Holidays

Holidays

My father moved out the summer before I began middle school, just before I turned twelve. The first months of separation were marked by his efforts to reach out to my two sisters and me. He came to all our concerts, helped coach my football team, and when Thanksgiving came around, he was back at our dining room table, sitting across from my mother. Despite the tough few months behind us, the meal passed without fighting, so we decided it was a good pattern to keep up. Dad came back for Christmas the following month and returned for both holidays the next season.

Our nascent tradition didn’t last long. Within a couple of years, Dad had moved into a new place, with a new woman. He then left the United States, right before I entered the eighth grade, to spend a year-and-a-half in Paris on assignment for the Internet company he worked for. When he returned, it was with a baby boy. A baby girl soon followed. As Dad took on the responsibilities of caring for his young children during my high school years, it became my sisters’ and my responsibility to visit him. We saw less of him during most of the year, but for the winter holidays, we always made it to his house.

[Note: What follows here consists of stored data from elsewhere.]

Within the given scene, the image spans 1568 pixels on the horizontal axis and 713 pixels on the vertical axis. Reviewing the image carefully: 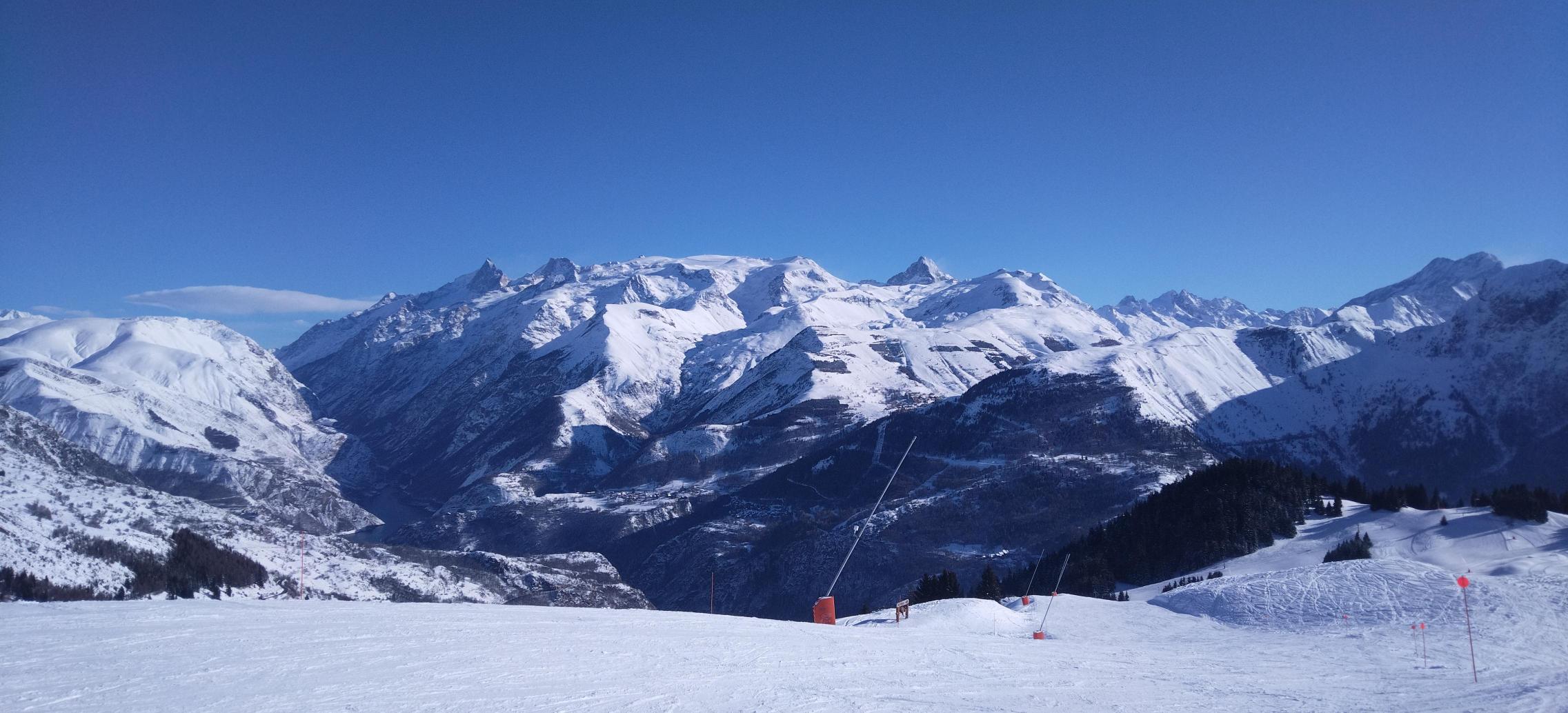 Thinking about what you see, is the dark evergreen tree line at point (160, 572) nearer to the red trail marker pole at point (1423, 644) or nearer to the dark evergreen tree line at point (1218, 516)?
the dark evergreen tree line at point (1218, 516)

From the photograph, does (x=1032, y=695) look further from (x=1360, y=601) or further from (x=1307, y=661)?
(x=1360, y=601)

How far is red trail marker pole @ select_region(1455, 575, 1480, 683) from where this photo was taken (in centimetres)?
2291

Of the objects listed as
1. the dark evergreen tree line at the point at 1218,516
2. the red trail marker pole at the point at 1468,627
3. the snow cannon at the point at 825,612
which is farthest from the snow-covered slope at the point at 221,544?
the red trail marker pole at the point at 1468,627

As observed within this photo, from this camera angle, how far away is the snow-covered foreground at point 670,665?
16.8 metres

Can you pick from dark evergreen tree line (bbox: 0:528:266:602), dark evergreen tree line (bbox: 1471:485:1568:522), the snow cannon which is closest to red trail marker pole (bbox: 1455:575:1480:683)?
the snow cannon

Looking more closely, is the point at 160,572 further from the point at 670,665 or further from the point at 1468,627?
the point at 1468,627

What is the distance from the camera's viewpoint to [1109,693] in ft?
64.1

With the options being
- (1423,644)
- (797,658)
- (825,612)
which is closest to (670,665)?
(797,658)

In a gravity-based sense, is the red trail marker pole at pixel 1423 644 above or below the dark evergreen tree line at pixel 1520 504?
below

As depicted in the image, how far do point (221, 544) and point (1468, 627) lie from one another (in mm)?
114523

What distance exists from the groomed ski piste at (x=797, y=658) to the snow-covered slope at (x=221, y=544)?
6279 cm

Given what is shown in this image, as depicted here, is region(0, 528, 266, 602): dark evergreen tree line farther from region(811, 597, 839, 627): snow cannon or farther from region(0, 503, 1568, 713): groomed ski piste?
region(811, 597, 839, 627): snow cannon

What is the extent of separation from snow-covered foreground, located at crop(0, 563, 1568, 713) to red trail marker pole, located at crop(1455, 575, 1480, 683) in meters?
0.23

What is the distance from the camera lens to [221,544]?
102 meters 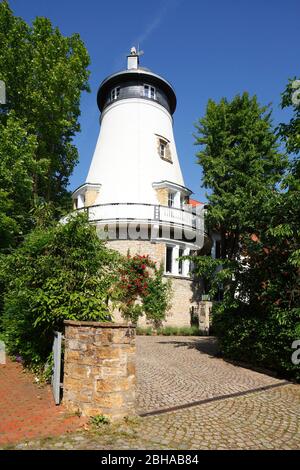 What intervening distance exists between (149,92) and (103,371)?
23207 millimetres

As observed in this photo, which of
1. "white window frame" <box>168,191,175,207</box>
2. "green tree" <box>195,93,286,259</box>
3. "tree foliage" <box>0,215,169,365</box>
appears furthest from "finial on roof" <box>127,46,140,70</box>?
"tree foliage" <box>0,215,169,365</box>

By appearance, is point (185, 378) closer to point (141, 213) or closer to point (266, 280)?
point (266, 280)

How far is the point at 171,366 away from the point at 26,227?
12406mm

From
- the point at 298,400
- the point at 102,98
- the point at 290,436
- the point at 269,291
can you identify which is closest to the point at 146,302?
the point at 269,291

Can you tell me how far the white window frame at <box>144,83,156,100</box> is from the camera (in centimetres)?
2439

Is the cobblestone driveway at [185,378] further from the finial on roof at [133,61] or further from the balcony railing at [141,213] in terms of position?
the finial on roof at [133,61]

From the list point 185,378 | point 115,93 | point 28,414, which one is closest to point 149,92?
point 115,93

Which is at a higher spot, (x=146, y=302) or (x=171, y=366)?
(x=146, y=302)

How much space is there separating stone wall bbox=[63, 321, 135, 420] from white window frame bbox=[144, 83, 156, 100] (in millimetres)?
22311

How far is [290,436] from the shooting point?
4840 mm

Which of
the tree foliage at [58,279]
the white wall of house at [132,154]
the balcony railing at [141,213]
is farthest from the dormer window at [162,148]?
the tree foliage at [58,279]

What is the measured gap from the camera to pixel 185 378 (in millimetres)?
8320

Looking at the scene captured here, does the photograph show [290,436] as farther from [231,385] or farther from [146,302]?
[146,302]

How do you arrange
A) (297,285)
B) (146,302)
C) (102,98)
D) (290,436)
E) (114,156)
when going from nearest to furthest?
(290,436) < (297,285) < (146,302) < (114,156) < (102,98) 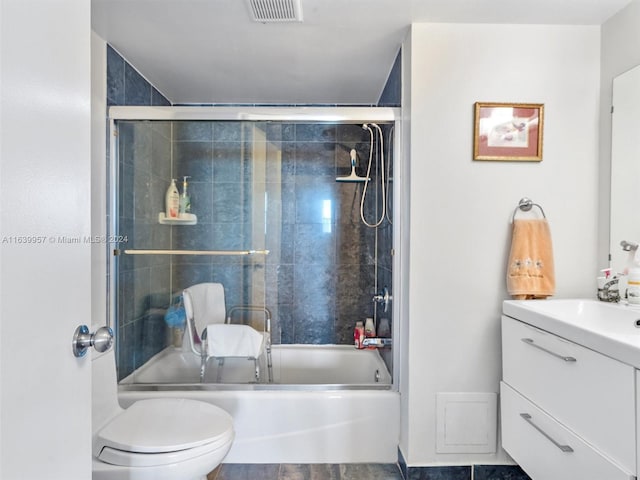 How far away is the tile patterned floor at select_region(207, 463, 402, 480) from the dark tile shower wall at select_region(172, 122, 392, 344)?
2.25ft

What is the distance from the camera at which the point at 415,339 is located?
6.41 ft

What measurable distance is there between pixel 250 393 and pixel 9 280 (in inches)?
67.3

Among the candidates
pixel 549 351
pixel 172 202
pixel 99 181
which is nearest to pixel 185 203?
pixel 172 202

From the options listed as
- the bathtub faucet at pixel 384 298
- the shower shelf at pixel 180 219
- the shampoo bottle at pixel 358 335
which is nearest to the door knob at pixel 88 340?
the shower shelf at pixel 180 219

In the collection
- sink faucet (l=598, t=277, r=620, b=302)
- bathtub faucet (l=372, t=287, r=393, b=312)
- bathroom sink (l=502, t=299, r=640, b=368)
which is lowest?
bathtub faucet (l=372, t=287, r=393, b=312)

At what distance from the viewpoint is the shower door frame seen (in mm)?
2135

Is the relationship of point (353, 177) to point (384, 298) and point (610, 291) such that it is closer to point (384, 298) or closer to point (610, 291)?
point (384, 298)

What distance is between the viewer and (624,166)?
70.2 inches

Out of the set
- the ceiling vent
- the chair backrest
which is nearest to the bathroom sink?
the chair backrest

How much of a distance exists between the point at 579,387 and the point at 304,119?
66.8 inches

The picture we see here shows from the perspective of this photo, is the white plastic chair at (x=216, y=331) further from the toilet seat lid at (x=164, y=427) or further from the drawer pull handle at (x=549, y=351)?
the drawer pull handle at (x=549, y=351)

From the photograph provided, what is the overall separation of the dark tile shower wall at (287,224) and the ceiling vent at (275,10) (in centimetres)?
54

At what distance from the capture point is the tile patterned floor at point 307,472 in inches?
79.0

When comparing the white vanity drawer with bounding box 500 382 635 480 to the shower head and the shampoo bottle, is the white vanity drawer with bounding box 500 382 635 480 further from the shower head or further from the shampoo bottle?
the shower head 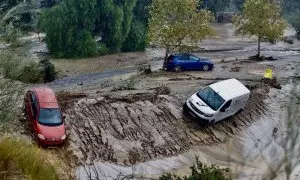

On both Thanksgiving and Christmas, days began at Mom’s by default, since that was our home. We passed our morning eating pancakes and candy, watching the Macy’s parade or fiddling with our presents. In the early afternoon we departed for Dad’s. Mom cooked by herself during the hours we were away. Our route from Westford into Cambridge, where Dad lived, went along tortuous roads running through old farming towns. The drives to the city passed quickly and with good conversation; on the way home, the three of us seldom spoke, instead hiding from our own thoughts in the fading winter light.

Dad made many small gestures to encourage us to feel at ease at his new home. There was a key under the mat, a parking pass always at the ready, and an open invitation to stay over. But gestures are only necessary when you’re a guest, and these overtures never made us feel otherwise. We called ahead whenever we came to visit him, even though we knew we didn’t have to.

My sisters and I never stayed there for more than a few hours. We talked the way that we’d been trained to speak to extended relatives: asking the courteous questions, avoiding the taboo subjects. We would eventually gravitate toward our half brother and half sister. (They gripped onto our legs the minute we walked in the door, so it wasn’t hard to do.) Our fondness for them was always genuine, if a bit self-interested; young children are indelicate, a relief in a carefully worded milieu. One Christmas, my then five-year-old brother asked me, in a state of complete innocence, how it was possible that our fathers were the same person, but not our mothers. There was nothing like it to remind me of the absurdity of the innuendoes the adults had been using all day long.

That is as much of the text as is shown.